• **WHAT IS BEING ASKED**
All of the data below is to be repeated exactly, except for the pictures.
(Beginning of EXERCISE MATERIAL)
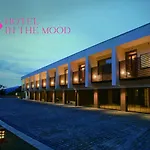 Hotel In The Mood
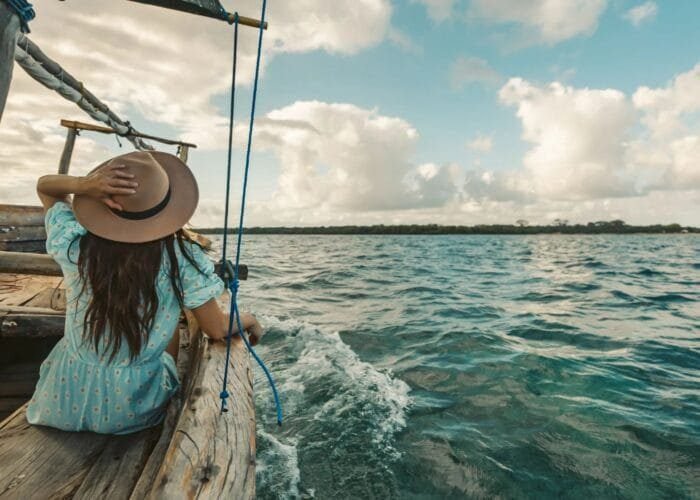 solteros de velero en Ibiza, con viajarycompartir.com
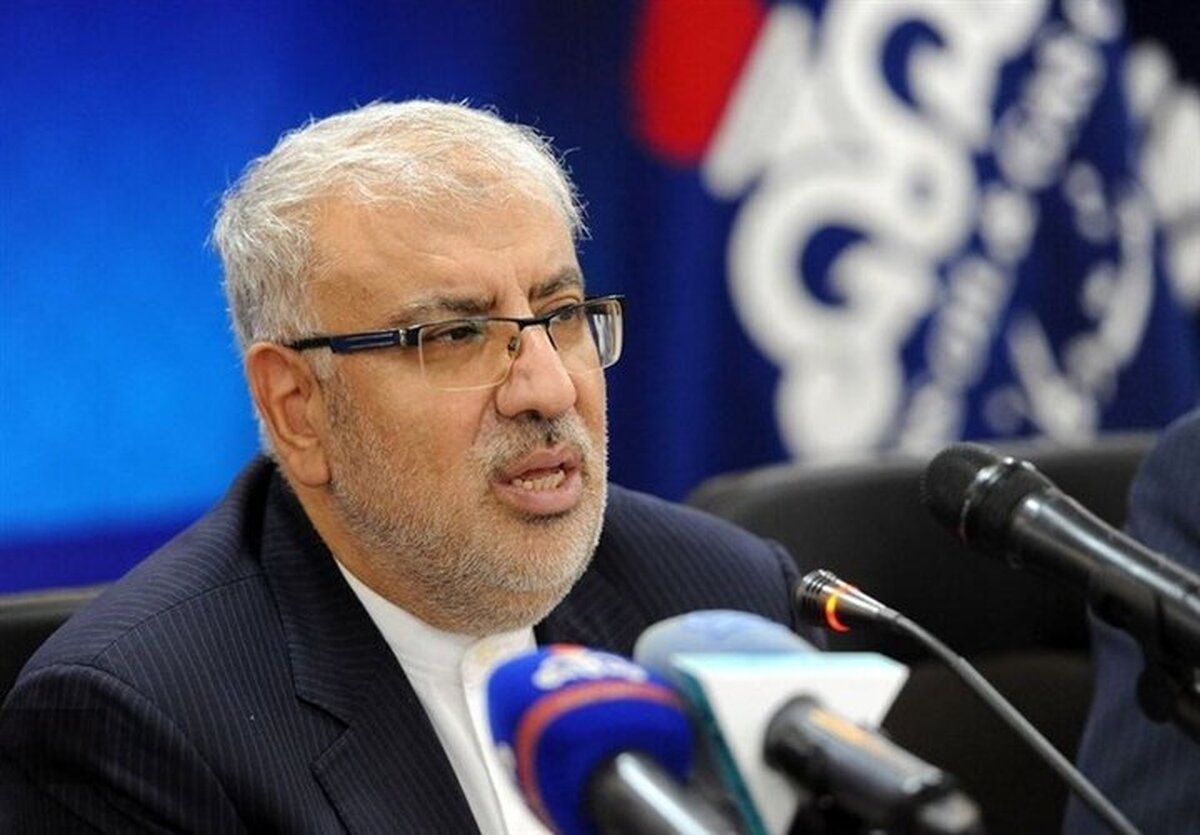 وزیر نفت: ۴۰ میلیارد دلار قرارداد نفتی در ۲۰ ماه گذشته امضا کردیم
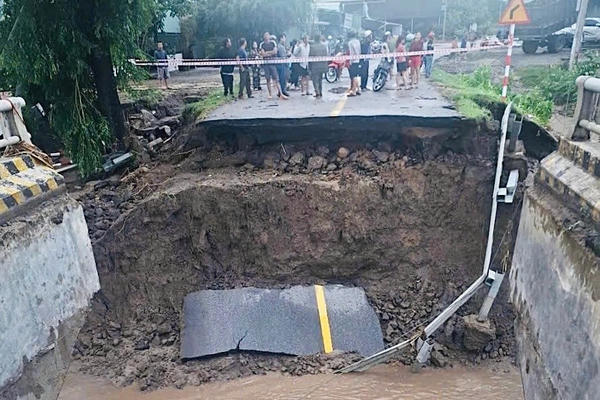 Khắc phục hạ tầng giao thông trên tuyến đường Trường Sơn Đông do ảnh hưởng bão số 13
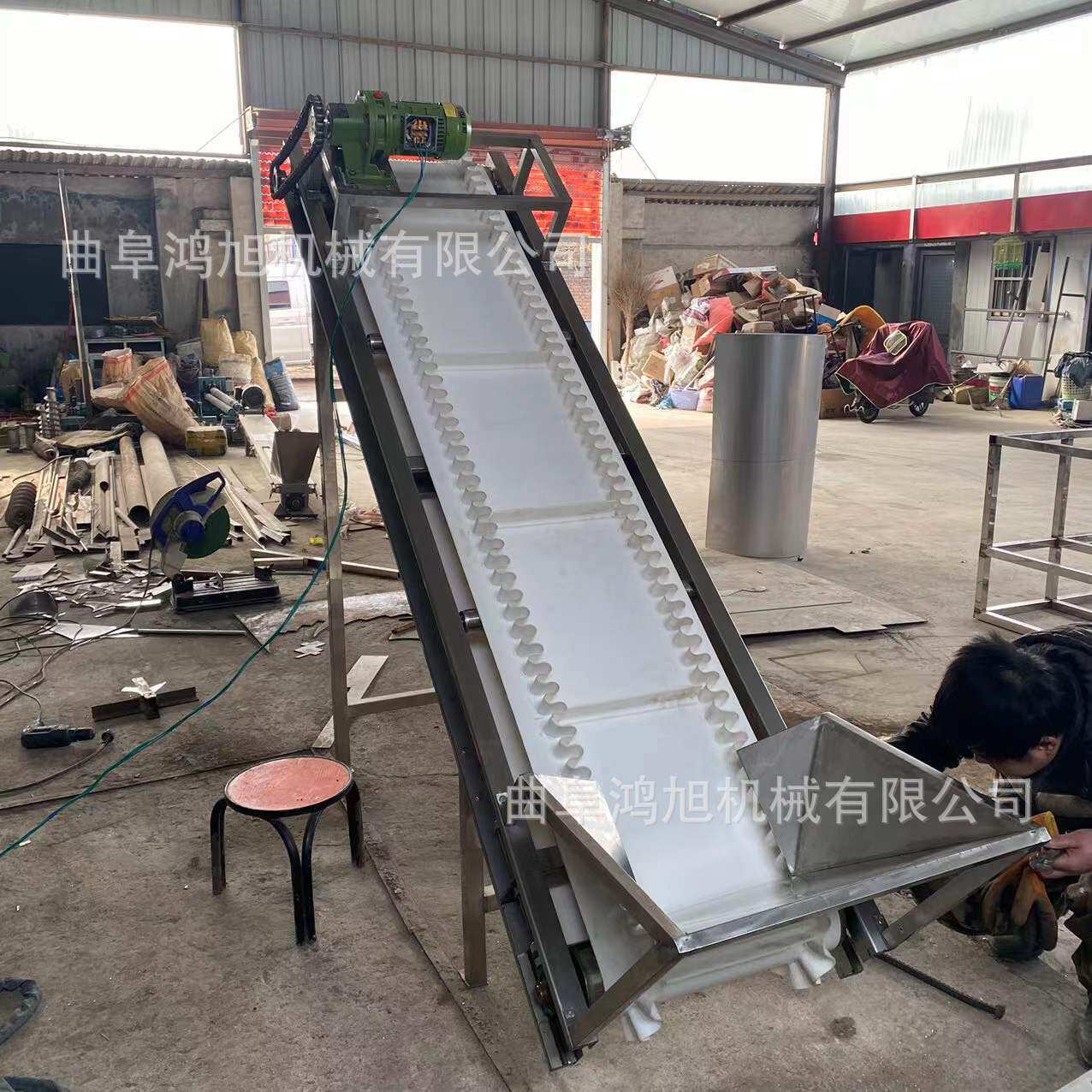多用途传送带 裙边挡板黑色皮带输送机 长距离沙子入仓机器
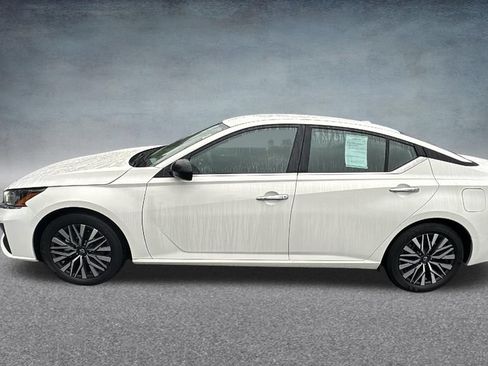 Used 2025 Nissan Altima 2.5 SV FWD image 7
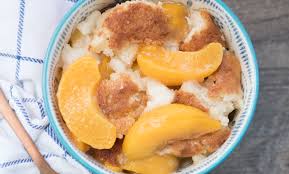 It's amazing what you can do in 10 minutes flat! Southern Peach Cobbler Recipe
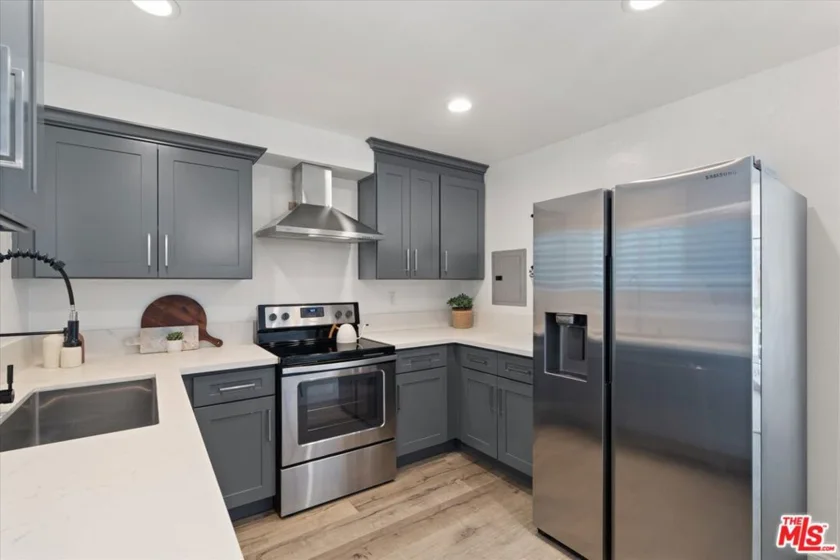 882 Victor Avenue #19 photo 5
(End of EXERCISE MATERIAL)
• **ANSWER TO THE PROBLEM**
 Hotel In The Mood
 solteros de velero en Ibiza, con viajarycompartir.com
 وزیر نفت: ۴۰ میلیارد دلار قرارداد نفتی در ۲۰ ماه گذشته امضا کردیم
 Khắc phục hạ tầng giao thông trên tuyến đường Trường Sơn Đông do ảnh hưởng bão số 13
多用途传送带 裙边挡板黑色皮带输送机 长距离沙子入仓机器
 Used 2025 Nissan Altima 2.5 SV FWD image 7
 It's amazing what you can do in 10 minutes flat! Southern Peach Cobbler Recipe
 882 Victor Avenue #19 photo 5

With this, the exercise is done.